--- Work item ---
Exactly as written, return the entries below, minus any pictures.

--- Records ---
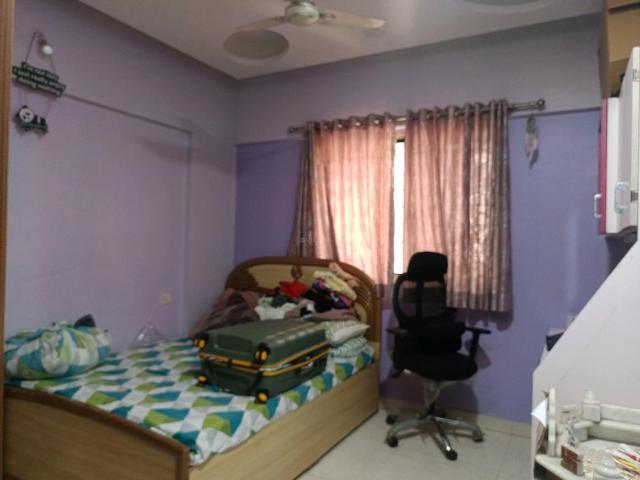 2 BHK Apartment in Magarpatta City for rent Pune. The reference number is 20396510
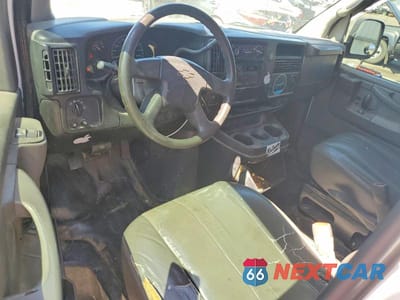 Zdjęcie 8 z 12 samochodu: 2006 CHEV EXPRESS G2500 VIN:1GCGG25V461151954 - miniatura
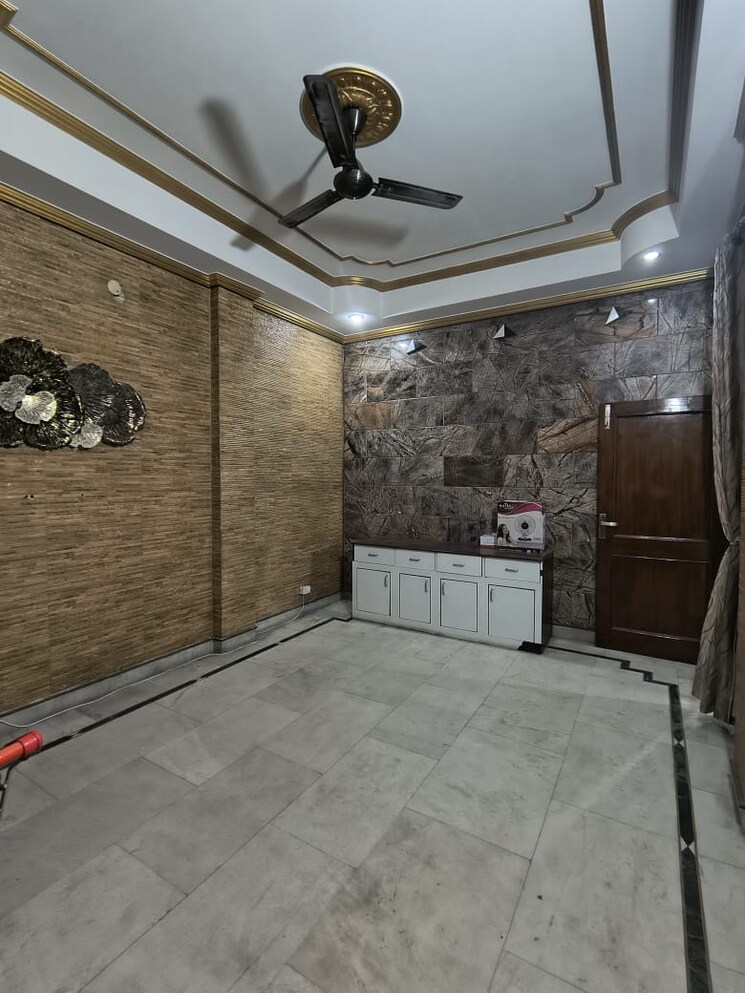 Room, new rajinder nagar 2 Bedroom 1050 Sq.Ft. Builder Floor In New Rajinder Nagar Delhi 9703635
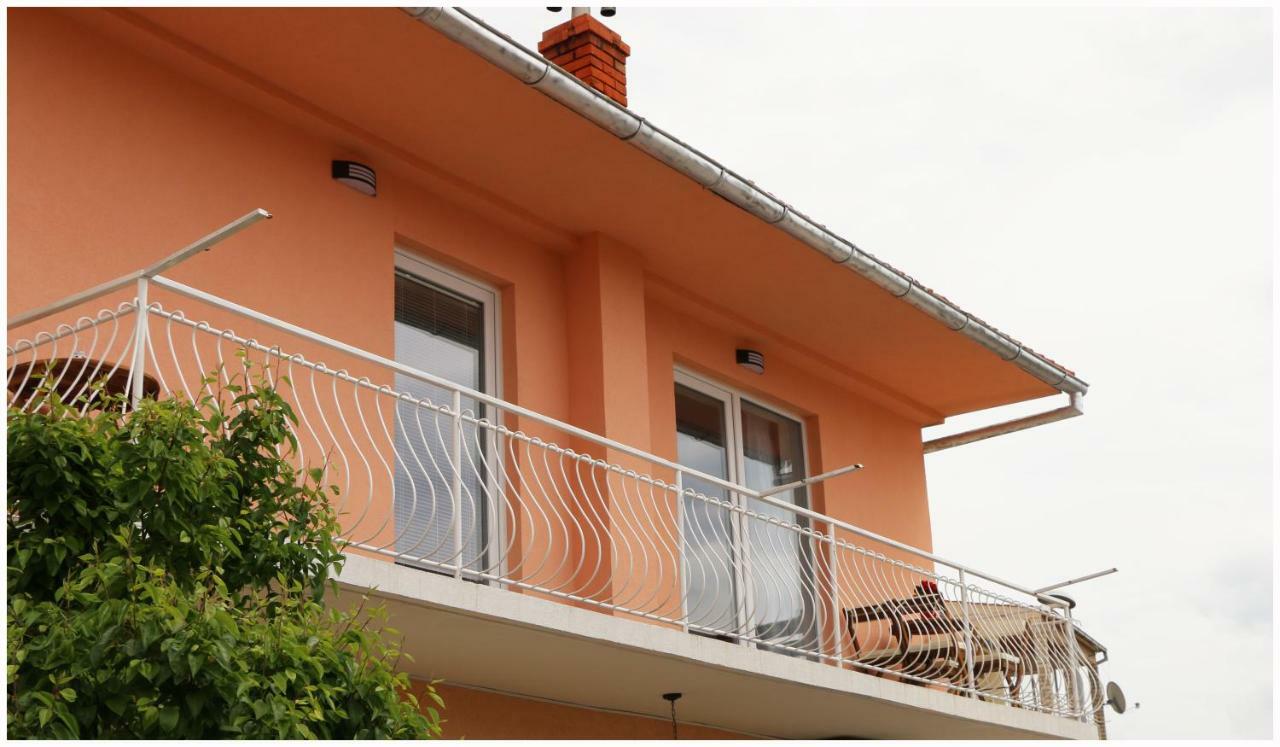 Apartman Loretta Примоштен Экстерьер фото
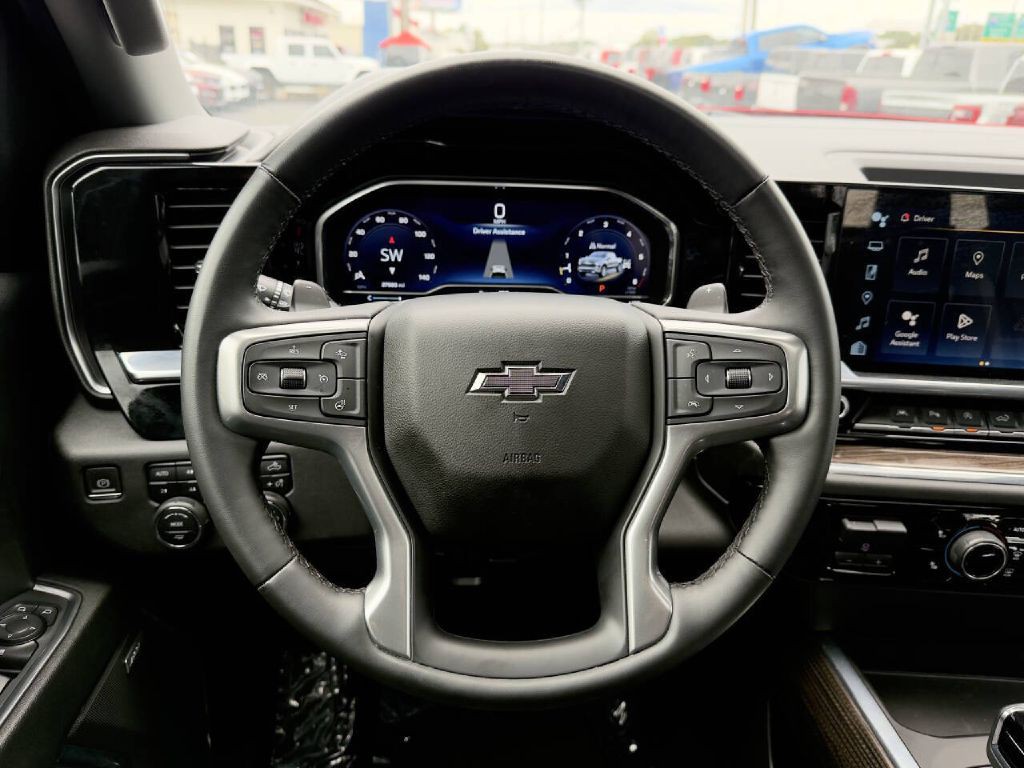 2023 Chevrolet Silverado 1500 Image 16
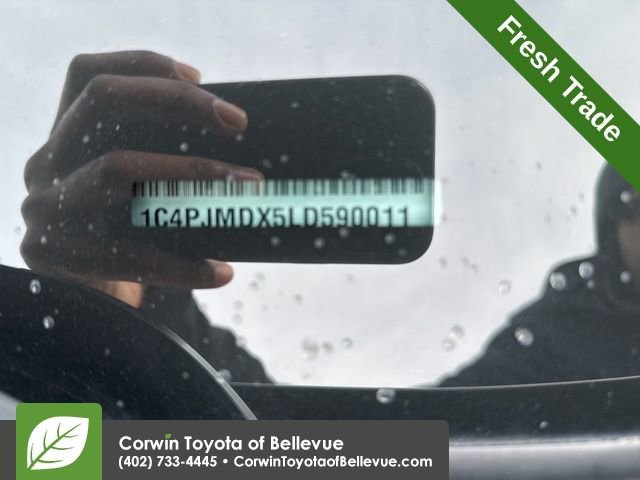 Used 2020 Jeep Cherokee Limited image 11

--- Solution ---
 2 BHK Apartment in Magarpatta City for rent Pune. The reference number is 20396510
 Zdjęcie 8 z 12 samochodu: 2006 CHEV EXPRESS G2500 VIN:1GCGG25V461151954 - miniatura
 Room, new rajinder nagar 2 Bedroom 1050 Sq.Ft. Builder Floor In New Rajinder Nagar Delhi 9703635
 Apartman Loretta Примоштен Экстерьер фото
 2023 Chevrolet Silverado 1500 Image 16
 Used 2020 Jeep Cherokee Limited image 11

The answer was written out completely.